ZFS: kmem_map too small panic again
Bakul Shah
bakul at bitblocks.com
Thu May 3 19:59:43 UTC 2007
> On Fri, Apr 27, 2007 at 12:35:35AM +0200, Pawel Jakub Dawidek wrote:
> > On Thu, Apr 26, 2007 at 02:33:47PM -0700, Bakul Shah wrote:
> > > An update:
> > >
> > > I reverted sources to to Apr 24 16:49 UTC and rebuilt the
> > > kernel and the bug goes away -- I was able to restore 53GB
> > > (840K+ inodes) and do a bunch of du with no problems.
> > >
> > > But the bug remains on a kernel with the latest zfs changes.

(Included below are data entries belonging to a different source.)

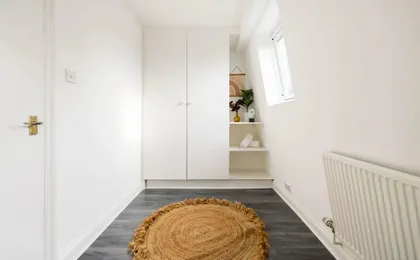 Stylish 2 Bedroom Apartment - Shepherd s Bush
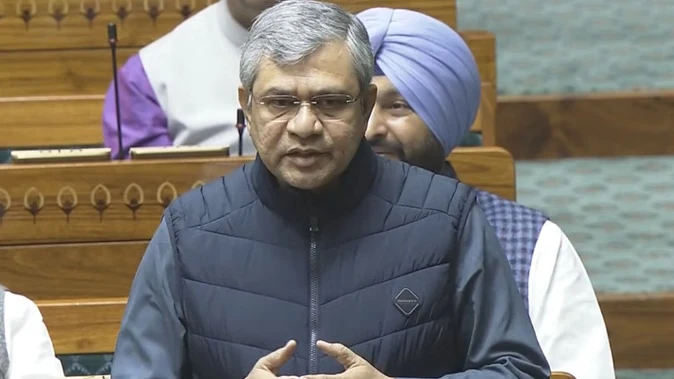 ‘चिकन नेक’ में अंडरग्राउंड रेलवे, सुरक्षा और कनेक्टिविटी होगी मजबूत: अश्विनी वैष्णव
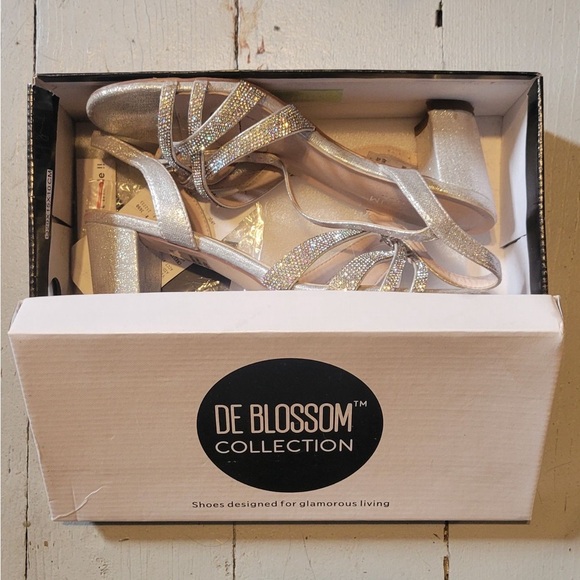 Prom shoes - Picture 1 of 2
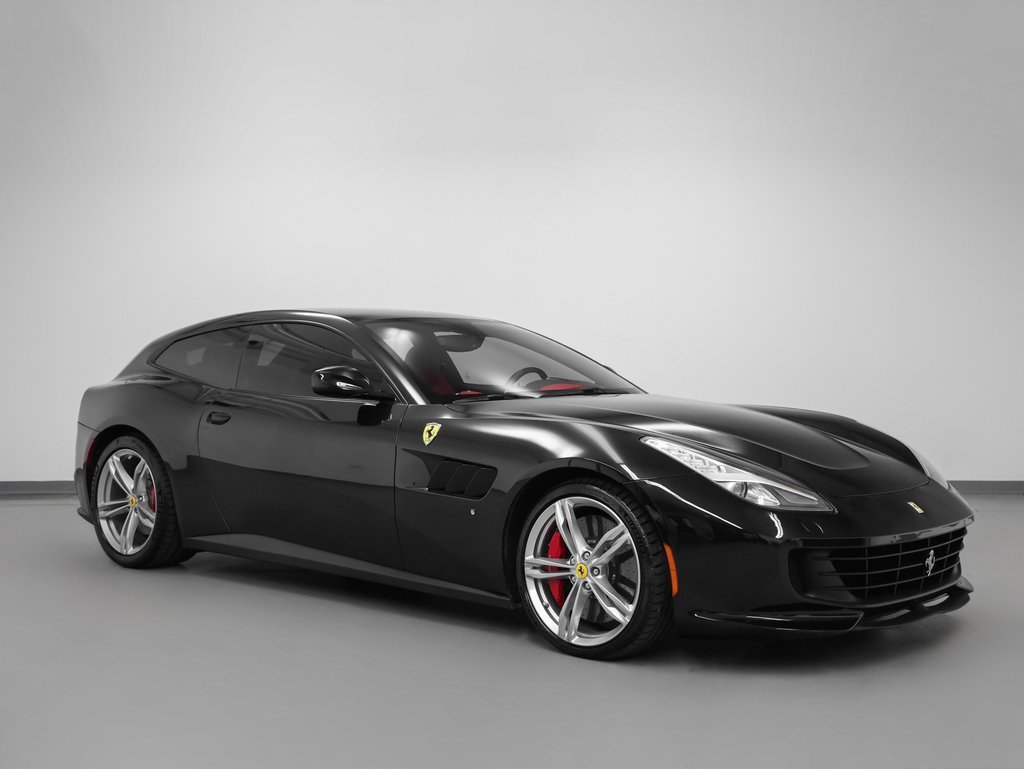 Certified 2018 Ferrari GTC4Lusso image 1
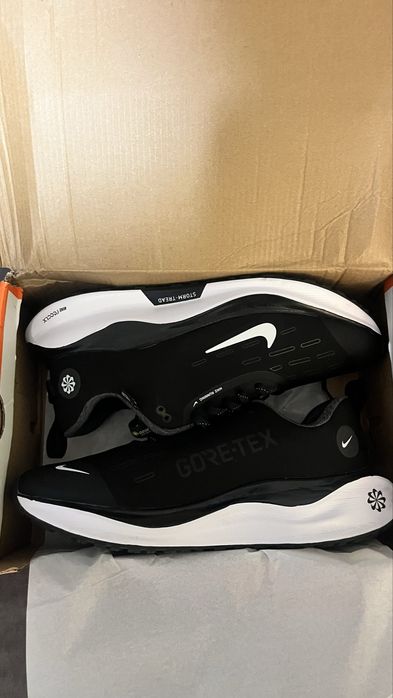 Продам кроссовки Nike 43 размер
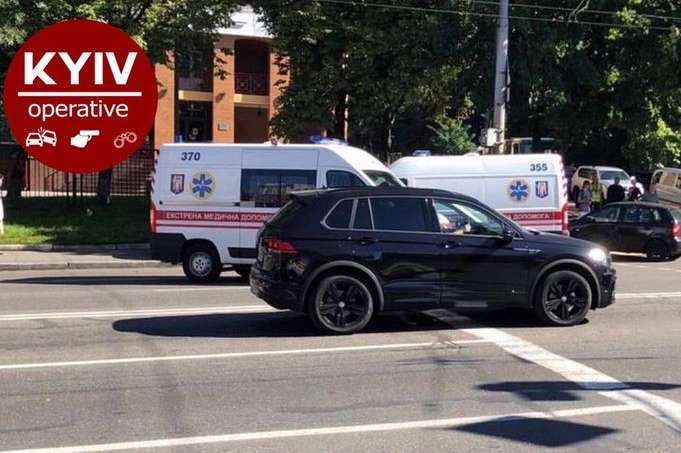 Серйозне ДТП в Києві: автомобіль вилетів на тротуар і збив жінку (фото)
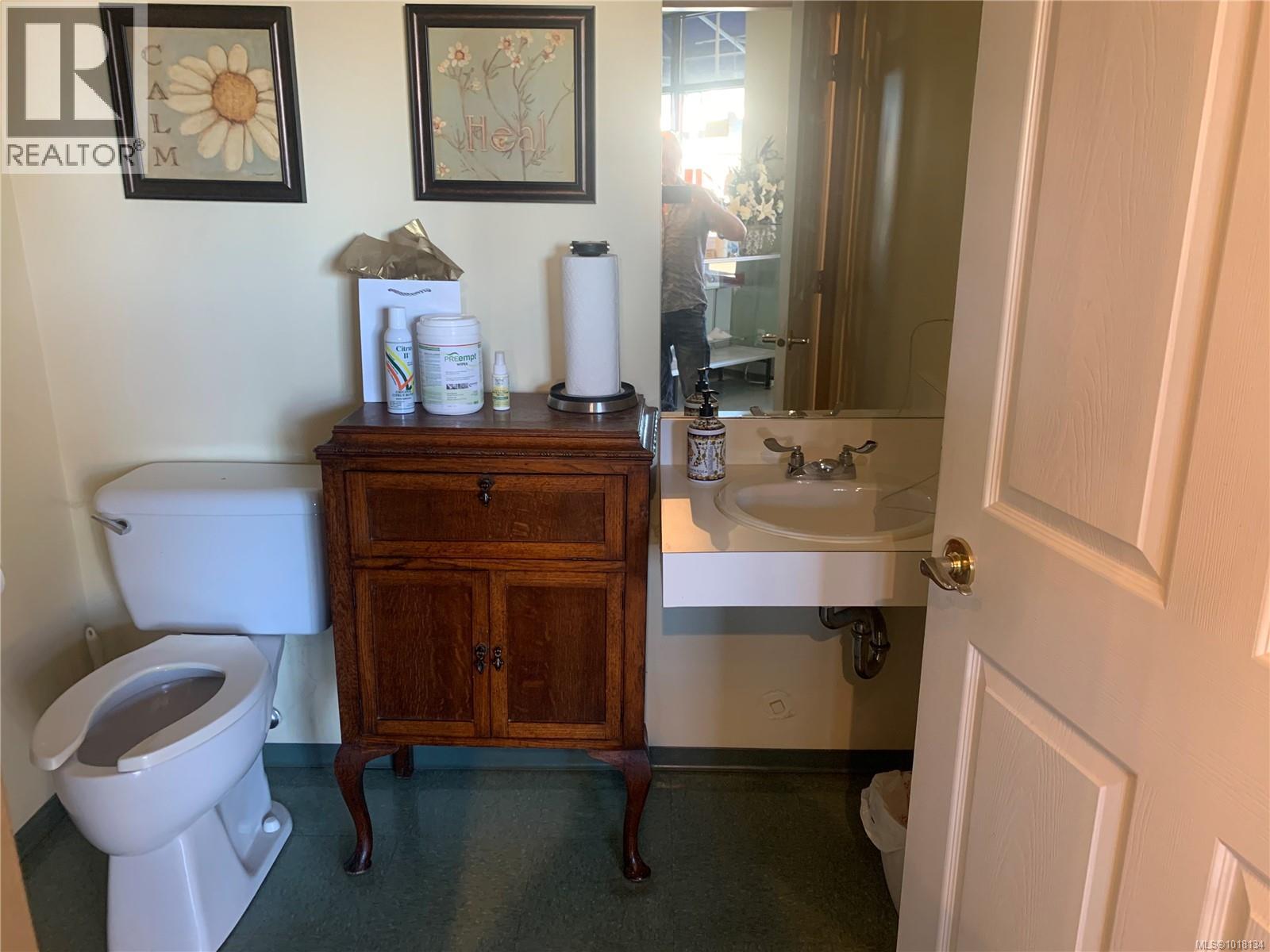 Unknown Address, ,    - Photo 9 - 1018134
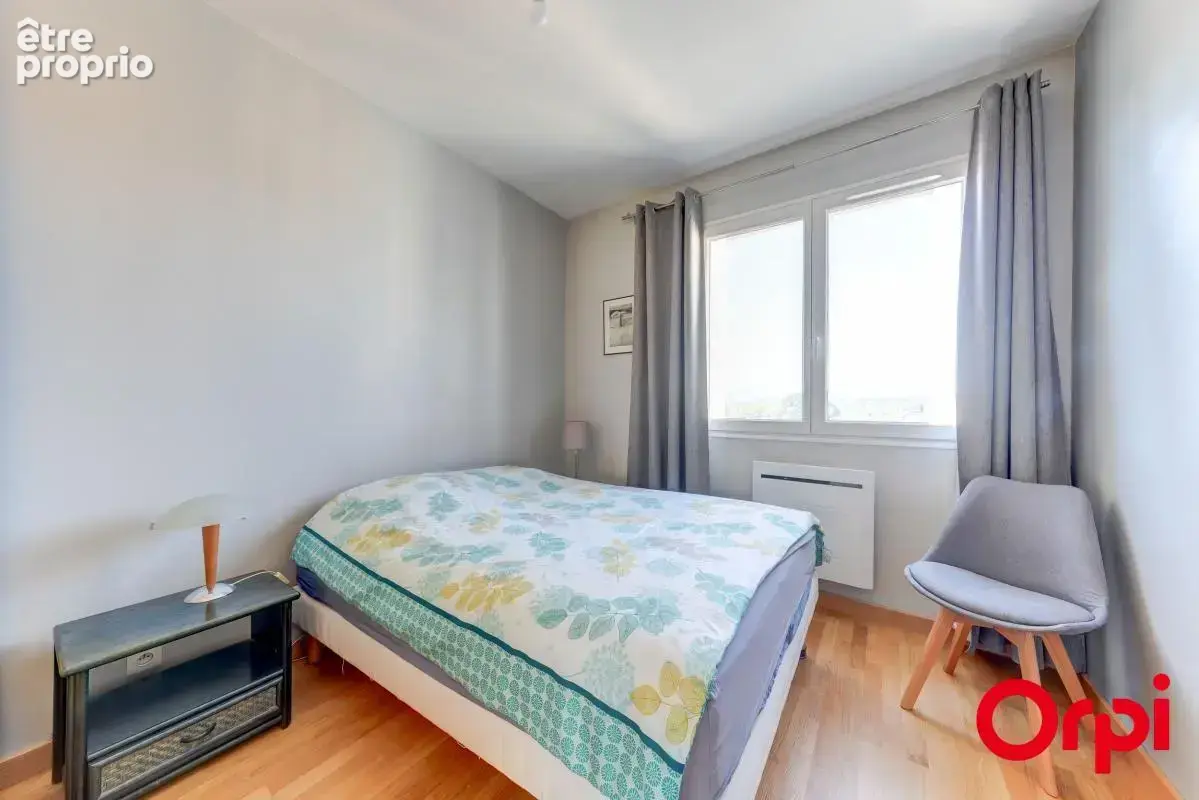 CALUIRE CENTRE BOURG - T3 de 58 m² avec vue dégagée - photo 11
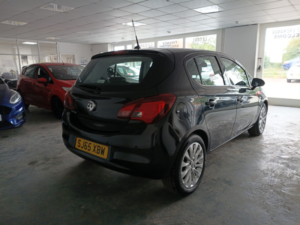 2015 Vauxhall Corsa 1.2 I Se in Black — image 6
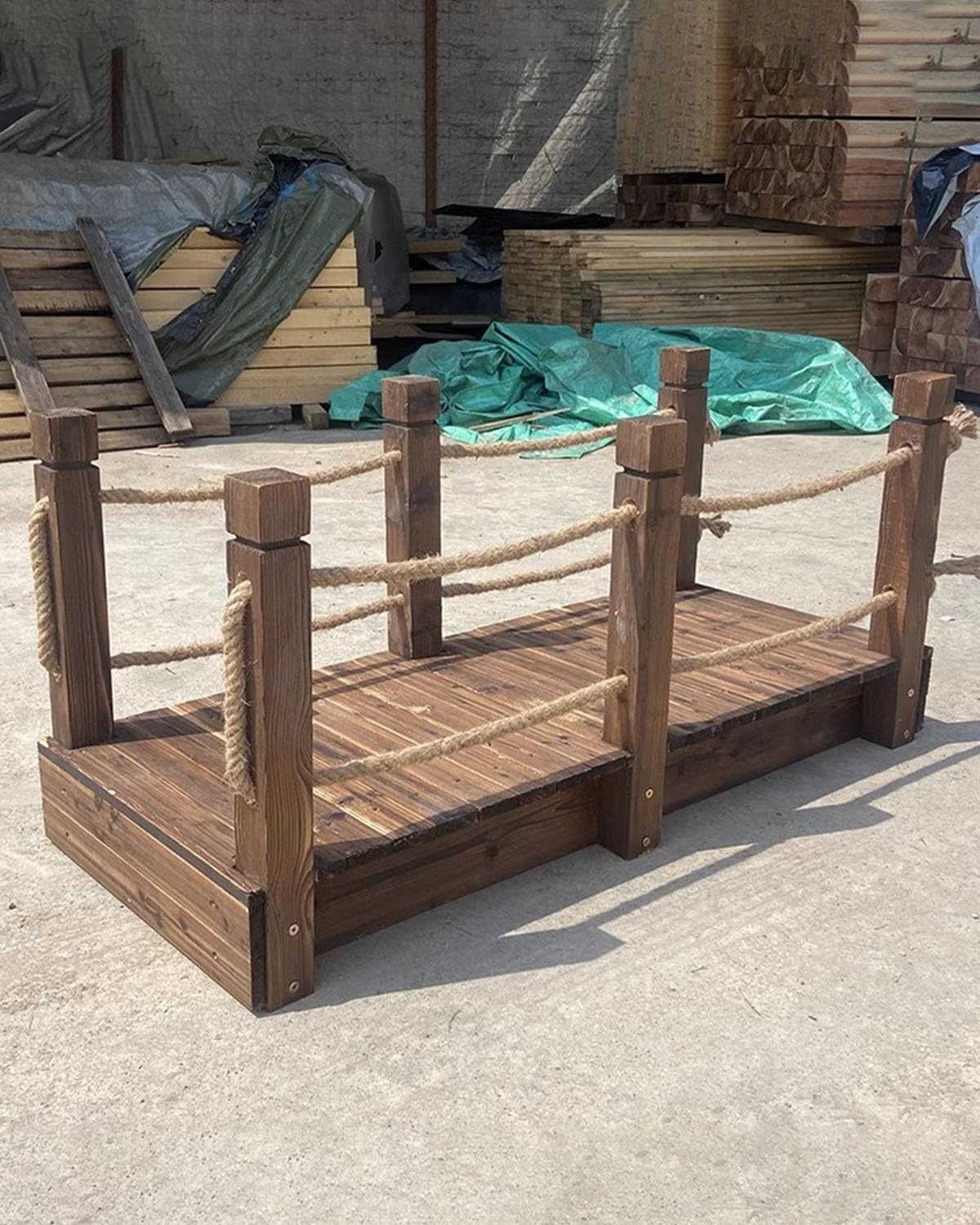 Ponte per laghetto per esterni, decorazione da giardino in legno, ponte carbonizzato per prato, patio e sentiero del capanno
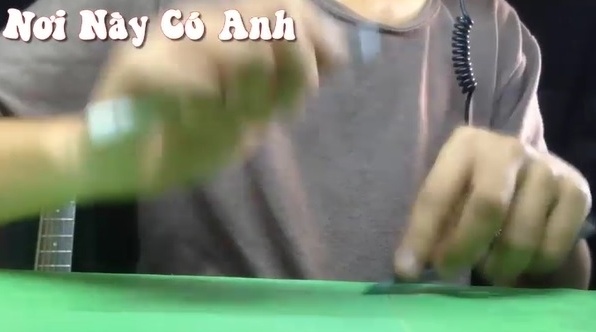 Thanh Long choi Pen-tapping bai hat 'Noi nay co anh' hinh anh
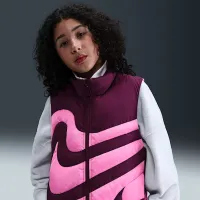 Nike Sportswear Swoosh Big детские (Girls') Therma-FIT Loose Puffer Vest цвет красный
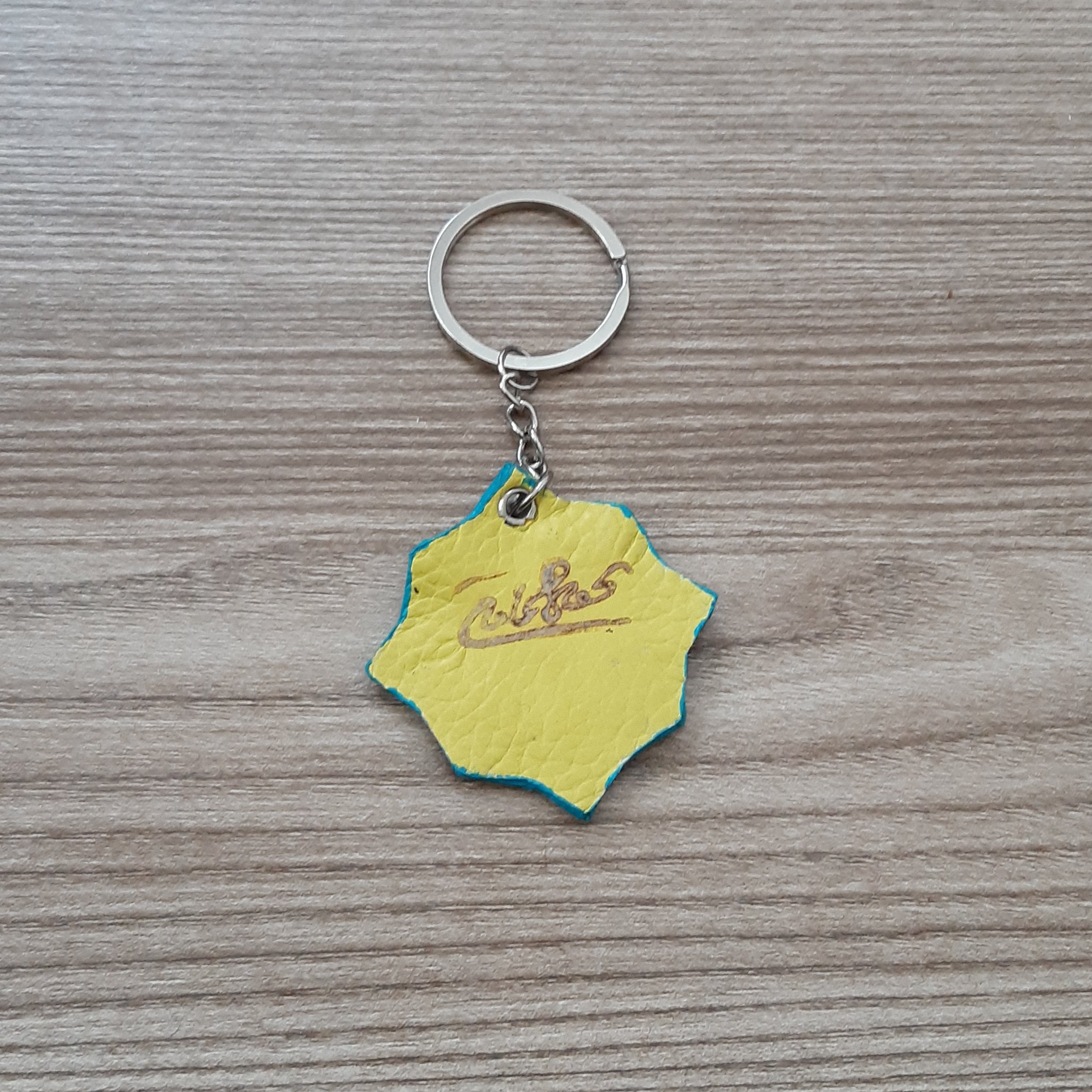 آویزکلید16 ضلعی چرم طبیعی دستساز باطرح باب اسفنجی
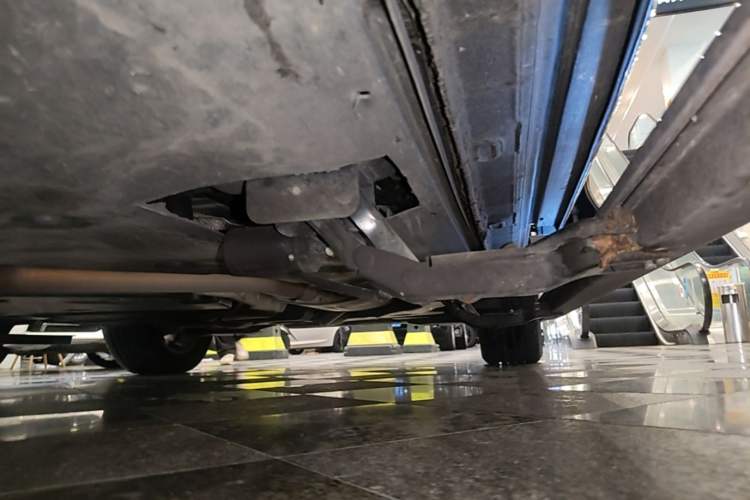 Used Volkswagen Viloran 2024 380TSI Luxury Edition Left Side Sill
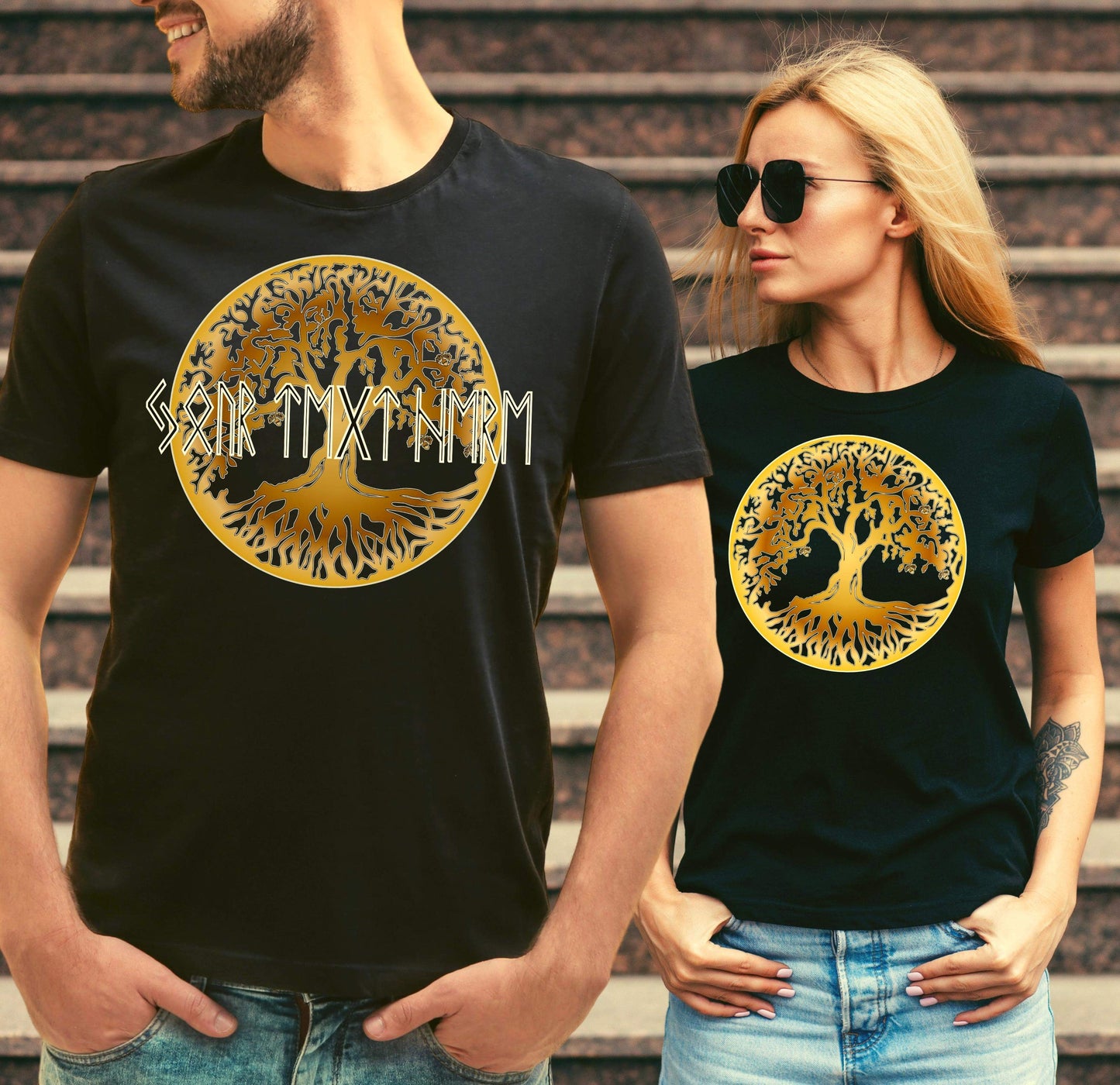 Yggdrasil Wikinger Lebensbaum Rune Odin Thor Nordische Mythologie-baum des lebens,germanische runen,Gothic Shirt,Heidnisch,keltische runen,mythologie,nordische runen,nordische sage,oben wie unten,Rune,runen,Runenschrift,sohn des odin,thor,TShirt mit Lebensbaum,wikinger,Wikinger Outfit,yggdrasil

> > > All I have to do run du a couple of times in the restored
> > > tree to crash the system. There is no crash with multiple du
> > > on a similarly sized UFS2, only on ZFS. This is on a
> > > Athlon64 X2 Dual Core Processor 3800+ running in 32 bit mode.
> > > The exact message is:
> > >
> > > panic: kmem_malloc(98304): kmem_map too small: 335478784 total allocated
> >
> > I can reproduce it and I'm working on it.
>
> The problem is that kern.maxvnodes are tuned based on vnode+UFS_inode
> size. In case of ZFS, the size of vnode+ZFS_znode_dnode+dmu_buf is
> larger. As a work-around just decrease kern.maxvnodes to something like
> 3/4 of the current value.
Pawel, thank you for this fix; I have been running -current
with it for a few days but as others have reported, this does
not fix the problem, only makes it much less likely -- or may
be there is another problem. At least now I can get a crash
dump!
I have two filesystems in one pool with about 1.28M inodes
altogether. Based on a few trials it seems it is necessary
to walk them both before triggering this panic (or may be it
is a function of how many inodes are statted).
Every second I sent output of vmstat -z to another machine
during testing. Nothing pops out as obviously wrong but here
are somethings worth looking at:
$ grep ^512 vmstream | firstlast
512: 512, 0, 466, 38,
512: 512, 0, 131491, 3669,
$ grep ' Slab' vmstream | firstlast
UMA Slabs: 64, 0, 2516, 21,
UMA Slabs: 64, 0, 23083, 222,
$ grep dmu vmstream | firstlast
dmu_buf_impl_t: 140, 0, 912, 68,
dmu_buf_impl_t: 140, 0, 136034, 3938,
$ grep znode vmstream | firstlast
zfs_znode_cache: 236, 0, 261, 43,
zfs_znode_cache: 236, 0, 64900, 5596,
# firstlast displays the first and last line of its input.